Jim C. answered 08/22/19
I'm an experienced, thoughtful tutor who speaks several languages. As
As I show in my forthcoming book, the defining experience of Stalin's life was the period of almost four years that he spent studying to be a priest in an Orthodox seminary. Through the 50 years of his political career (1903-53) he acted as the sadistic head of a monastery, imposing fiendish vows of poverty, chastity, and obedience on hapless Soviet Citizens. As the son of abusive parents, he wanted--needed--to make others suffer as he had.

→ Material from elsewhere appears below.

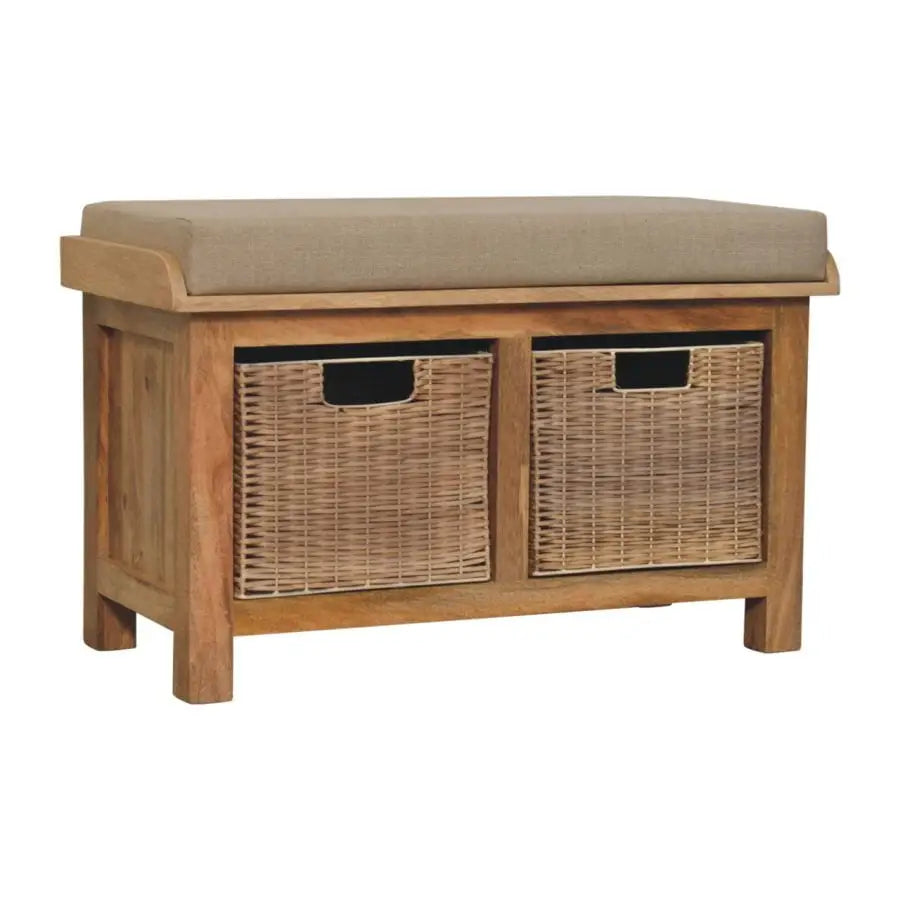 Indoor bench seating with storage and cushion Wooden storage bench with woven basket doors and cushioned seat. Eco-friendly home decor.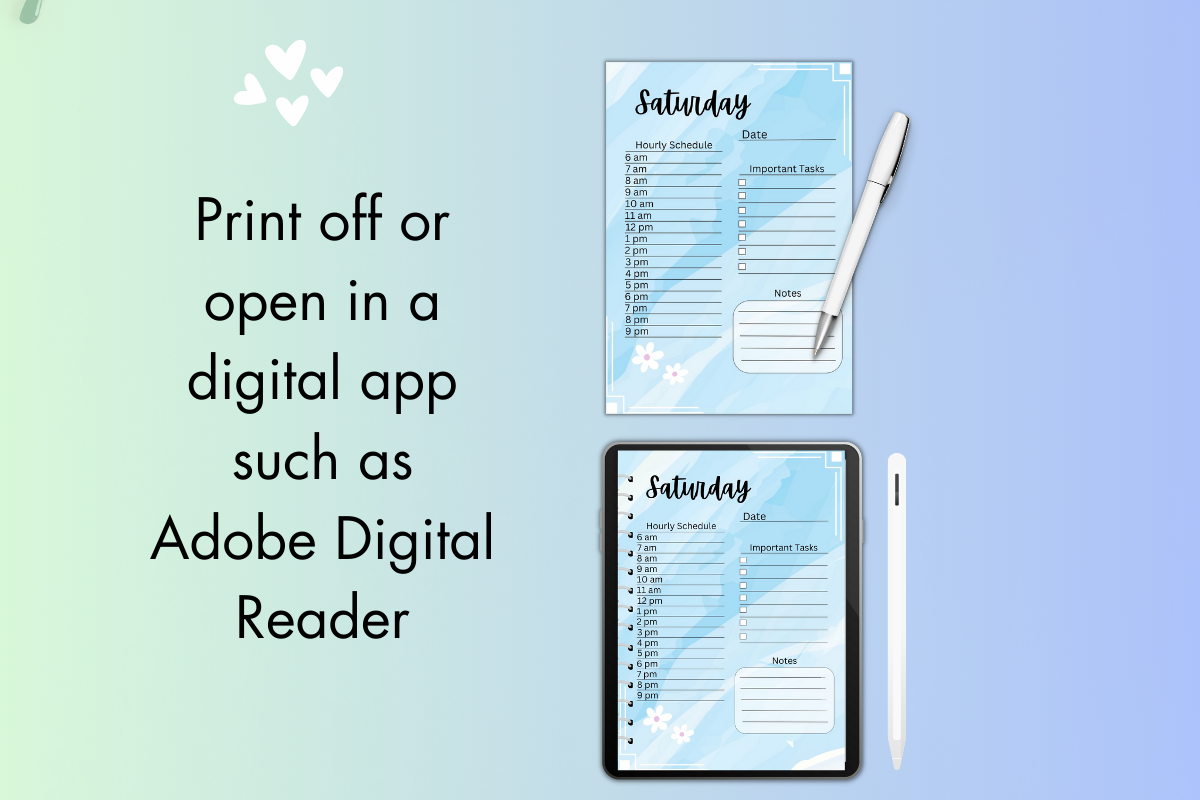 Weekly Planner Digital Download PNG, a Stationery Template by Pixels N Bows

Lenin was very different from Stalin. He was a revolutionary all right, but not a revolutionary as most people understand the term. What outraged him about Nicholas II was not what Nicholas II was doing, but that he was so inept at it. When Lenin seized power, he did just what the tsars had done--he centralized all authority. If you want to understand Lenin, read his in/famous Testament, in which he says that nobody can govern the Soviet Union except him. That raises a question that you and I would ask, but that Lenin never asked: What happens after Lenin dies? Since it never occurred to Lenin to create a stable governing structure for the Soviet Union, it was child's play for Stalin, the master manipulator, to become the all-powerful General Secretary--with disastrous consequences for the Soviet Union and the rest of the world as well.
And that, my friend, is the history of the Soviet Union from 1917 to 1953 in s nutshell.